Task details:
Copy nothing but the text: repeat each entry exactly and drop the images.

---- Records provided

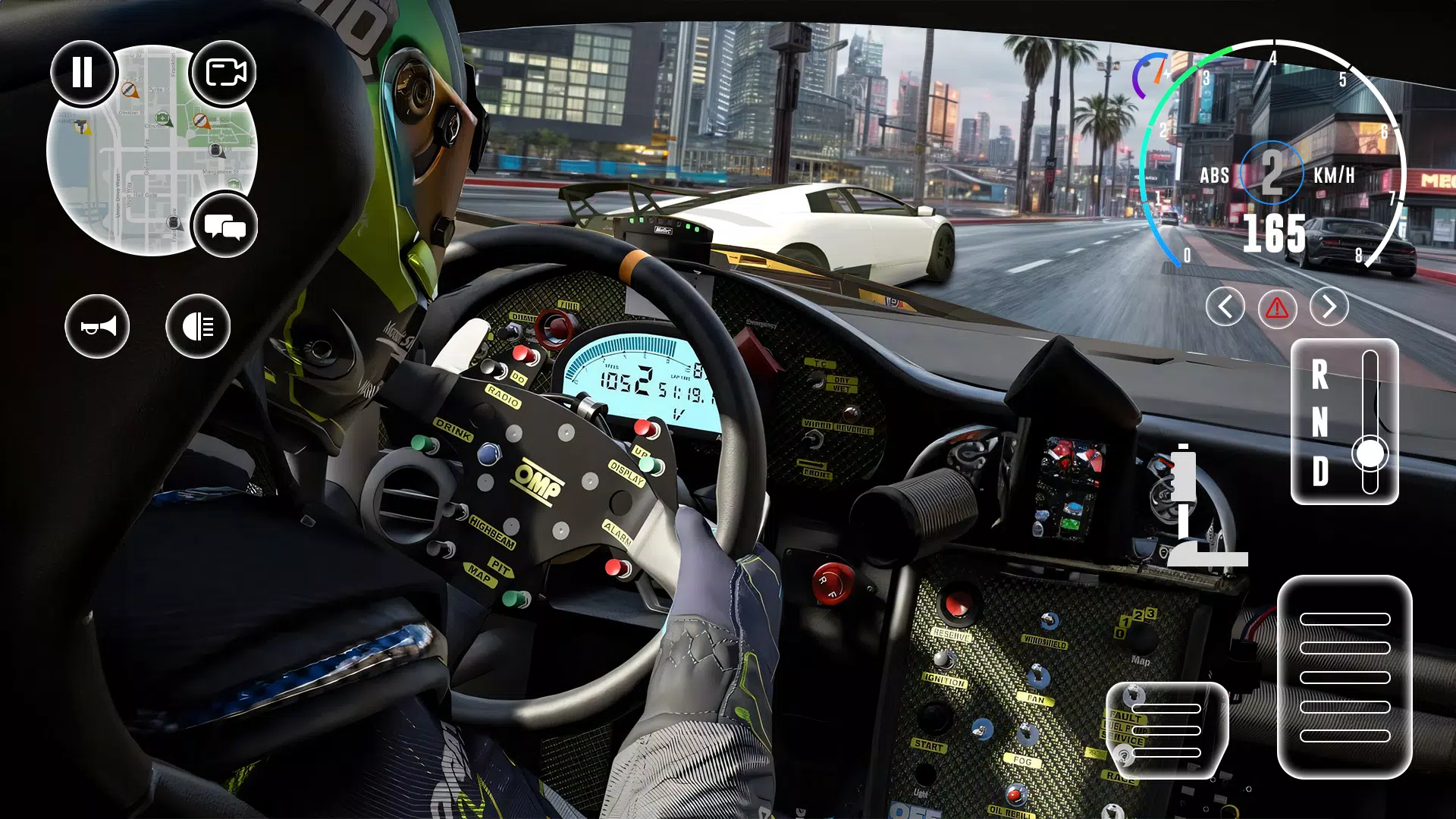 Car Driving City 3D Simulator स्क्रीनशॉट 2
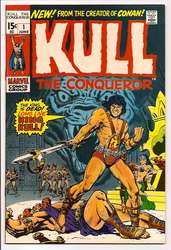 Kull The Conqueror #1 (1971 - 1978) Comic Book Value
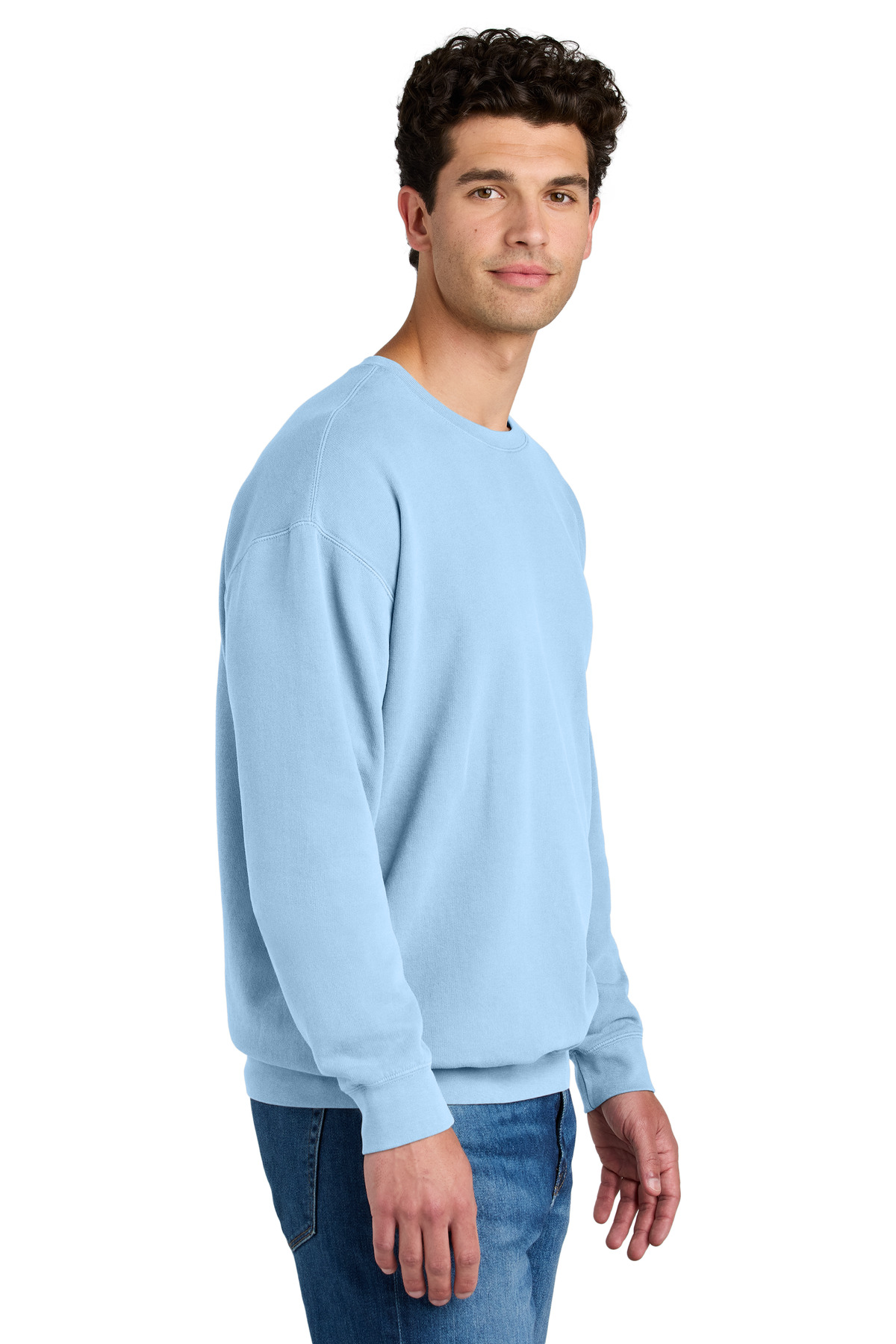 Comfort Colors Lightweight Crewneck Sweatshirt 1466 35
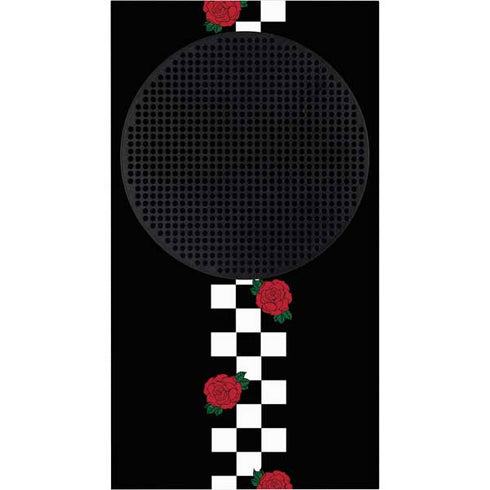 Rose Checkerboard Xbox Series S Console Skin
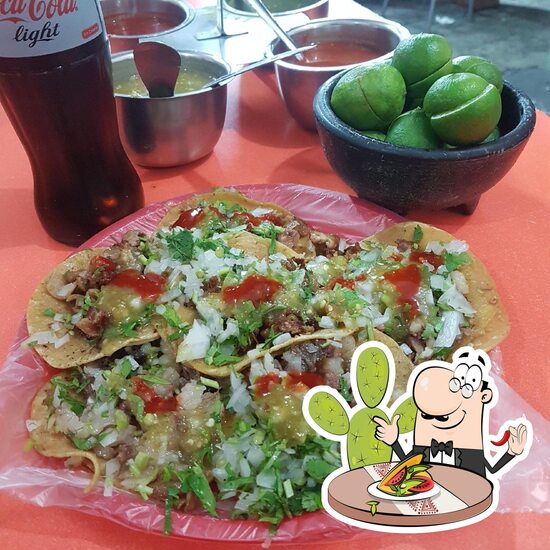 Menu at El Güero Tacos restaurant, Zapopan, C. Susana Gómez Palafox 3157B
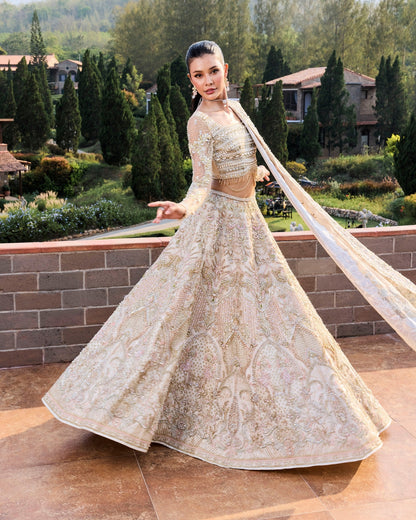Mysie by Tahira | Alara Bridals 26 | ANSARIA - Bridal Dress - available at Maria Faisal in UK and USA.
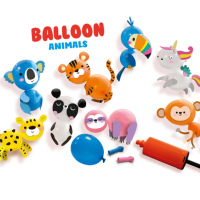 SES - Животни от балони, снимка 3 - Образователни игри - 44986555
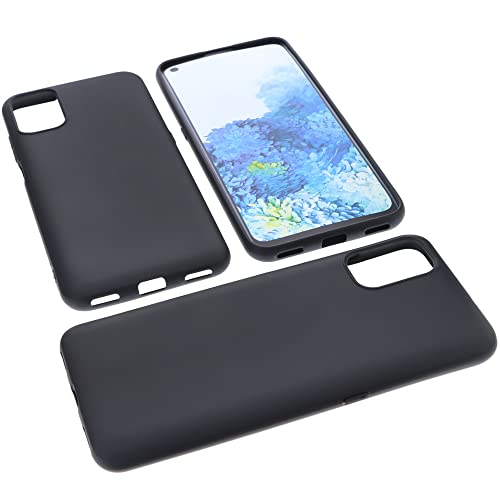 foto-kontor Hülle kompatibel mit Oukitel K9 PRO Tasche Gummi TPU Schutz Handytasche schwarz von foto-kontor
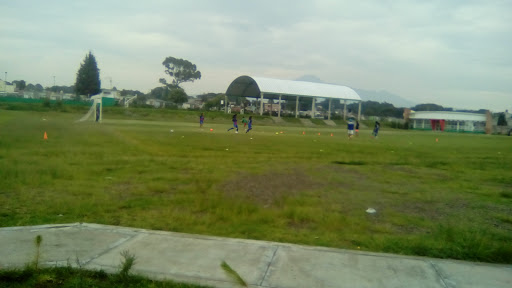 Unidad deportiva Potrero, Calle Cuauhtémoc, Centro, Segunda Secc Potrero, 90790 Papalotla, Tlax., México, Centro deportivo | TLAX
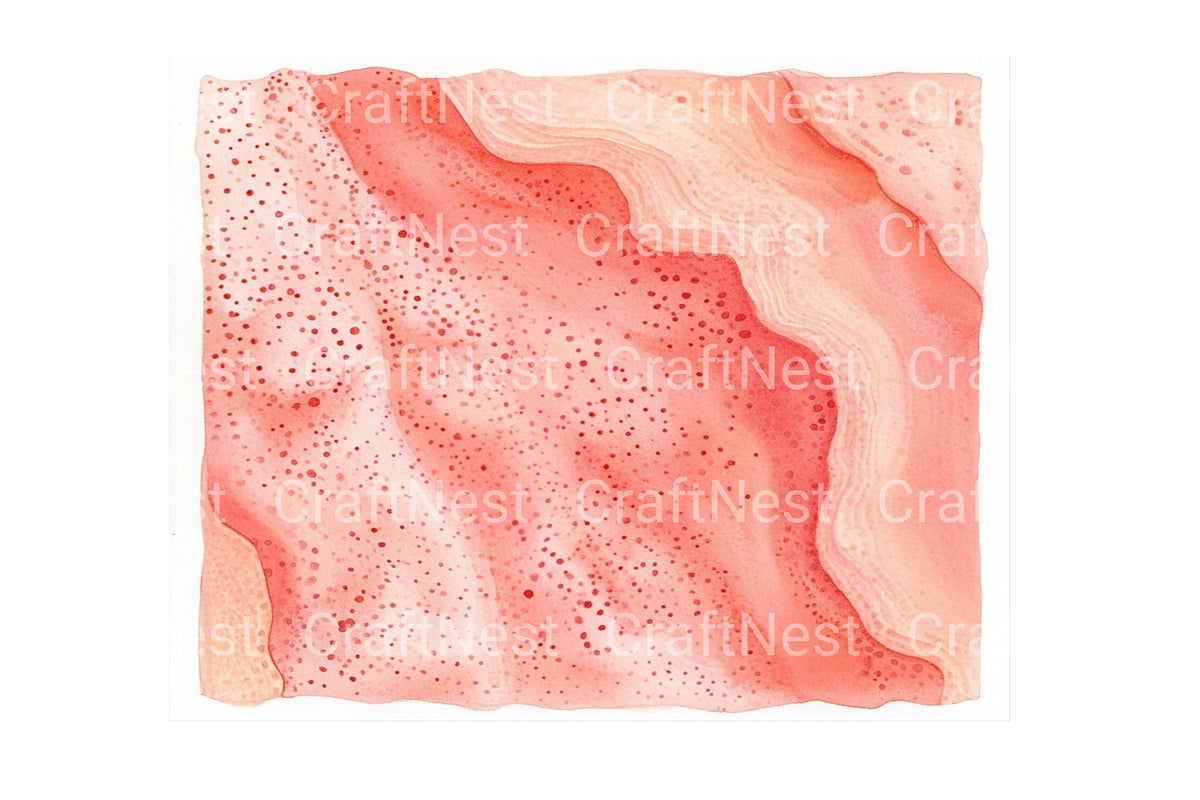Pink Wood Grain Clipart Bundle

--------

Solution to this exercise:
 Car Driving City 3D Simulator स्क्रीनशॉट 2
 Kull The Conqueror #1 (1971 - 1978) Comic Book Value
 Comfort Colors Lightweight Crewneck Sweatshirt 1466 35
 Rose Checkerboard Xbox Series S Console Skin
 Menu at El Güero Tacos restaurant, Zapopan, C. Susana Gómez Palafox 3157B
Mysie by Tahira | Alara Bridals 26 | ANSARIA - Bridal Dress - available at Maria Faisal in UK and USA.
 SES - Животни от балони, снимка 3 - Образователни игри - 44986555
 foto-kontor Hülle kompatibel mit Oukitel K9 PRO Tasche Gummi TPU Schutz Handytasche schwarz von foto-kontor
 Unidad deportiva Potrero, Calle Cuauhtémoc, Centro, Segunda Secc Potrero, 90790 Papalotla, Tlax., México, Centro deportivo | TLAX
Pink Wood Grain Clipart Bundle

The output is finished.